Hi everyone,
I’m currently working on a project that involves scaling machine learning workloads using Ray, and I’ve run into a few architectural questions I was hoping to get some community insights on.
Our current setup involves a hybrid cluster: a mix of on-premise GPU nodes and cloud-based CPU instances (AWS EC2). We’re using Ray mainly for distributed hyperparameter tuning (with Tune) and some parallel data preprocessing tasks. So far, the flexibility has been great, but managing the performance and reliability between local and cloud nodes is proving to be tricky.
Here are a few specific things I’d love feedback on:
- Is it advisable to designate the head node on the cloud side or on-prem, and what tradeoffs have you experienced either way?
- Are there any known best practices for ensuring tasks and actors are scheduled efficiently across such a heterogeneous environment?
- We occasionally see workers timing out or failing silently when workloads are mixed between local and remote. Has anyone dealt with this kind of instability, and what monitoring/debugging tools do you recommend?
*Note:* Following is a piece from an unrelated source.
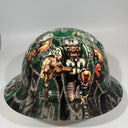 Full Brim Hard Hat Hydro Dipped NEW YORK JETS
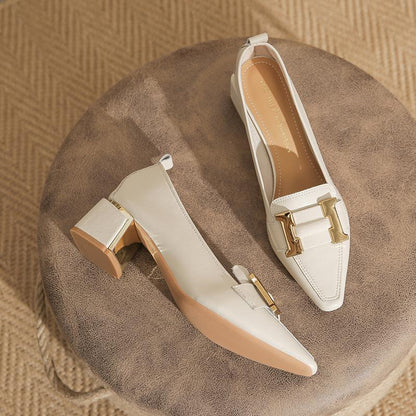 Destiny | Stylish Loafers with Block Heel – Elegant Pointed-Toe Shoes for Office & Everyday Wear - Image 2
- For autoscaling on the cloud side, do folks generally rely on Ray’s built-in cluster launcher or do you integrate with something like K8s for better control?
If there’s any documentation, example repos, or resources—especially those related to mulesoft training in hyderabad—that are particularly relevant, I’d appreciate being pointed in the right direction as well.
Thanks in advance! Looking forward to learning from your experiences.